Das sommerliche Wetter in Baden-Württemberg geht weiter – und sorgt für große Waldbrandgefahr im Juni. Schon in den vergangenen Tagen haben Wetter-Experten vor Waldbränden gewarnt, der Index des deutschen Wetterdienstes ist häufig schon dunkelrot. Doch was bedeutet die Waldbrandgefahr eigentlich und welche Regeln gelten? Wichtig zu wissen, denn die möglichen Strafen können enorm sein.

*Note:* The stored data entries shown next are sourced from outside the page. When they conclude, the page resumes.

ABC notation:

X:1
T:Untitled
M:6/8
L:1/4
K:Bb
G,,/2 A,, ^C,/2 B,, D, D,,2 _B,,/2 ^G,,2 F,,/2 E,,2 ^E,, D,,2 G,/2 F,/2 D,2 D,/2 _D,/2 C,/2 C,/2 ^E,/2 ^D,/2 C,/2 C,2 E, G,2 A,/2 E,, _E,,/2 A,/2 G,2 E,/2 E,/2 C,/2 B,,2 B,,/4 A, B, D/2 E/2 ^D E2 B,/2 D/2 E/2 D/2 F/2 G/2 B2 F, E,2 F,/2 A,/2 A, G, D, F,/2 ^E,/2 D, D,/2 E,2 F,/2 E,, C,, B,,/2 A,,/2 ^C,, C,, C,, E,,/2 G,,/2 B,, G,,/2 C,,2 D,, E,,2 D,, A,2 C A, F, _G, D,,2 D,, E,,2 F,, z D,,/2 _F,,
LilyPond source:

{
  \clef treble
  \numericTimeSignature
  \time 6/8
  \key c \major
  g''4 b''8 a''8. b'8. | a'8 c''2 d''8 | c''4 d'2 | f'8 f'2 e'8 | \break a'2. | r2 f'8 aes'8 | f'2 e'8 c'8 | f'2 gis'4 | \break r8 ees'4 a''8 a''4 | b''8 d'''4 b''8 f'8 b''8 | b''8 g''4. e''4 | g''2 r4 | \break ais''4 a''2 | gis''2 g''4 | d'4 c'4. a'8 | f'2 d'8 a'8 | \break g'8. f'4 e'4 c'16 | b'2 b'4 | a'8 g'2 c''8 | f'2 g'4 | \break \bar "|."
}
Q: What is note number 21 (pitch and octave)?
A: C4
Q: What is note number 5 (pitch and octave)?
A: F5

Hitze und Dürre im Sommer: Wetter in Baden-Württemberg sorgt für Waldbrandgefahr

Anfang Mai wüteten noch Unwetter, es drohte ein „zu nasser Mai“, doch dann kam die Wende. Es wurde schlagartig trocken, die Temperaturen stiegen und erreichen aktuell die bisherigen Jahreshöchstwerte mit den ersten Hitzetagen in Baden-Württemberg. Vor allem die lang anhaltende Trockenheit ist ein Problem hinsichtlich der Waldbrandgefahr.

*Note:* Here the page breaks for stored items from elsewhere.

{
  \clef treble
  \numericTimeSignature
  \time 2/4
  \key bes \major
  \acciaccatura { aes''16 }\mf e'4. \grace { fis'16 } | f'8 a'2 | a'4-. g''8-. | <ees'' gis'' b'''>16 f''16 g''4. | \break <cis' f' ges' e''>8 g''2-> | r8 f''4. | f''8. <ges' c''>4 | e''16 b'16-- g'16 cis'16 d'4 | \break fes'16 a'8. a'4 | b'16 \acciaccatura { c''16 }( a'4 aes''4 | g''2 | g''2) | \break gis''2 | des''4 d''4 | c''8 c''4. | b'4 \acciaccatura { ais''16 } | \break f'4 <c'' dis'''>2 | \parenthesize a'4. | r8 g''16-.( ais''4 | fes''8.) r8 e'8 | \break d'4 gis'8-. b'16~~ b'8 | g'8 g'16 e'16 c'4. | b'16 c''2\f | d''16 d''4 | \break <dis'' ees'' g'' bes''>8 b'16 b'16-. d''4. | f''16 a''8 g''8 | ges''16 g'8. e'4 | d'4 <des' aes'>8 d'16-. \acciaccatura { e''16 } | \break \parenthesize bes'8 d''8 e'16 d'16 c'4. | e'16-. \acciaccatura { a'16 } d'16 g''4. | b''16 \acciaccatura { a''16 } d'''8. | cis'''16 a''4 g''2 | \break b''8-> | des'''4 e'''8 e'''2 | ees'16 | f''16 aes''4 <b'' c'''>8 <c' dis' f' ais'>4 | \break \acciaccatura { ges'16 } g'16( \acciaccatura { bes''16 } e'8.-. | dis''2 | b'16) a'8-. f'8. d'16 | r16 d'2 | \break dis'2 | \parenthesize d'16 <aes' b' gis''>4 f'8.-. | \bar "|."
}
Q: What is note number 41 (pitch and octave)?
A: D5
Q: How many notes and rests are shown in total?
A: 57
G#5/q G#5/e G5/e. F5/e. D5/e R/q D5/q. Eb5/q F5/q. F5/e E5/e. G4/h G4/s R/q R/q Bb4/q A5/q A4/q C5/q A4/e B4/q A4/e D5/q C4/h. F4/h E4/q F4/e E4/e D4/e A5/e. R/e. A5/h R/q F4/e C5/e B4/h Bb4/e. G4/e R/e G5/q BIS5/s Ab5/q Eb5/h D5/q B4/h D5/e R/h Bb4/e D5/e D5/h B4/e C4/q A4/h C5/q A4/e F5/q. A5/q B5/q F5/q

Zwar gab es noch an Fronleichnam vereinzelt teils heftige Unwetter, aber die waren eher der Tropfen auf den heißen Stein. Und schlimmer noch: Regen ist kaum in Sicht. Hier und da fallen ein paar Tropfen, nichts Nennenswertes, wie auch „wetter.net“-Experte Dominik Jung immer wieder verdeutlicht. Und so kommt es, dass die Waldbrandgefahr in Baden-Württemberg stetig steigt. Der Waldbrandgefahrenindex vom deutschen Wetterdienst ist dunkelrot, in einige Regionen wie Waghäusel, Mannheim oder Friedrichshafen herrscht dieser Tage Stufe fünf, die höchste Stufe.

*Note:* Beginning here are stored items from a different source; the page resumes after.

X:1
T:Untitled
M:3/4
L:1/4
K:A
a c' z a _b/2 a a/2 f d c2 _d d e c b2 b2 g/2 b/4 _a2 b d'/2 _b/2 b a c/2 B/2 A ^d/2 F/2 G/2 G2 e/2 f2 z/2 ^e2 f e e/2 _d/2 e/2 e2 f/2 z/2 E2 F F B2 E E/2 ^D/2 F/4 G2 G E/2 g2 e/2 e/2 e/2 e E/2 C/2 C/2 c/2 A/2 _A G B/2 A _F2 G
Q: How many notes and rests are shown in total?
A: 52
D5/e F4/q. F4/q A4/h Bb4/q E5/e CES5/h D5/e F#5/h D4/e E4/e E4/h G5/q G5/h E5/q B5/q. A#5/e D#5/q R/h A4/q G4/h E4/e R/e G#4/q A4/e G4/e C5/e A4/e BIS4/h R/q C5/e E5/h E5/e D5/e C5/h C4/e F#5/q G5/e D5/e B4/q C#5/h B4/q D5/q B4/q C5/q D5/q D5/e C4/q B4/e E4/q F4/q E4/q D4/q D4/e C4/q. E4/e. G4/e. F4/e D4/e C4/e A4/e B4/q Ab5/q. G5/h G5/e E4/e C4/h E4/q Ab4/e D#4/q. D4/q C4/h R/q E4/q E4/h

Waldbrandgefahr in Stufen unterteilt – Minister richtet sich an Waldbesucher

Insgesamt gibt es fünf Waldbrandgefahrenstufen. Angefangen bei Stufe 1 nehmen die Vorschriften und Vorsichtsmaßnahmen bis zur höchsten Stufe, der fünften, zu. Der deutsche Wetterdienst führt dazu einen Waldbrandgefahrenindex, den alle Menschen einsehen können, um sich zu informieren. Zusätzlich gehen auch Meldungen über verschiedene Kanäle raus, wenn es richtig schlimm wird. Die Gefahrenstufen im Überblick:

Stufe 1sehr geringe Gefahr
Stufe 2geringe Gefahr
Stufe 3mittlere Gefahr
Stufe 4hohe Gefahr
Stufe 5sehr hohe Gefahr

Besonders nach tagelanger Trockenheit und Hitze ist es wichtig, achtsam beim Waldspaziergang zu sein. „Bis zu zwei Millionen Waldbesucher am Tag sind jetzt gefordert, bei ihren Aktivitäten besonders umsichtig zu sein, um den Lebensraum für Tiere zu respektieren und Waldbrände zu vermeiden“, erklärt auch Peter Hauck, Baden-Württembergs Minister für Ernährung, Ländlichen Raum und Verbraucherschutz.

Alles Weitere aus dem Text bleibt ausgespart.